Civilization, we fear, is on the brink of destruction. Start with your biggest fear. Foreign Affairs’ Sunday Backstory email is entitled “America’s Crisis of Democracy. A pandemic is destroying a way of life. Nuclear Armageddon is just around the corner. Moral standards are dying. Human energy use is killing the planet. Politics is leading to civil war. American functional institutions fail in their missions: the CDC, the Federal Reserve, the financial sector, the media, Congress, or the Supreme Court.
The fear is heightened by the disorientation and disruption of new ideas and innovations. The internet connects us intimately with people who used to be out of sight. It also gets hacked. We learn new things about the universe every year – and wonder if we understand reality itself. Genes are spliced and people seem to invent new genders to identify themselves by. Truth is a construct, not a fact, say some …

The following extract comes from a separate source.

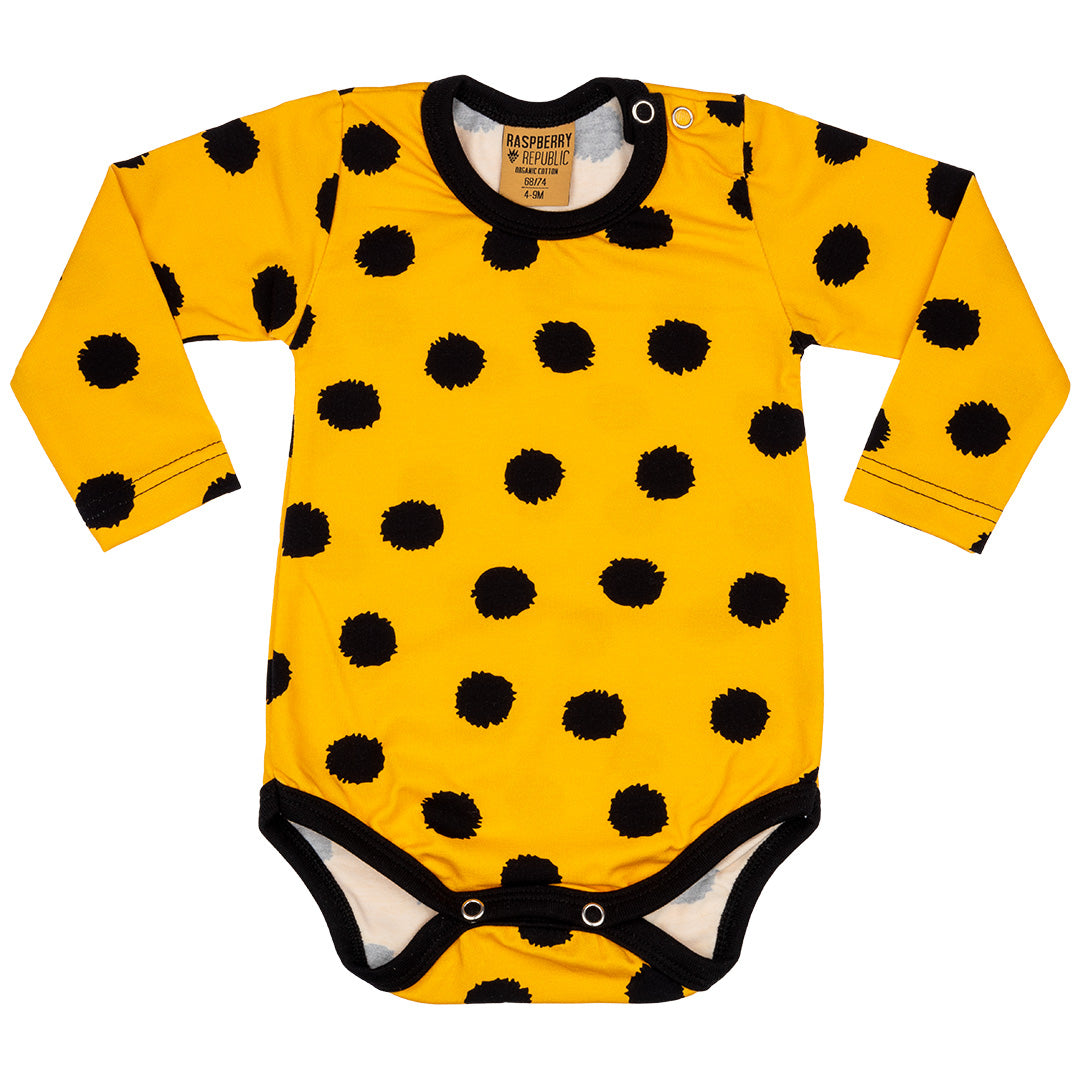 Baby Body Suit | Animal Spotting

Amid this “ungrounding,” fear is understandable. Any norms we have lived by are dying. Without norms there is only chaos, and chaos turns living into a struggle for survival. Perhaps worst of all, societies where people have the greatest discretion over their lives, where affluence allows reflection and rights allow open thought, seem the most self-destructive. The freest people are wrecking the world and their own well being. If we use freedom for this, perhaps humankind is no more (maybe worse) than another species of “dumb” animal.
But apocalyptic fear is not necessary. Disruption and dysfunction always follow from change. Anything new in the world brings change. The greater the novelty, the greater the change, the greater the disruption – but sometimes also the greater the new opportunities. Amartya Sen defines freedom and development, both, as “expansion of the ‘capability’ of persons to live the kind of life they value.”[i] He explicitly sees “development as freedom.”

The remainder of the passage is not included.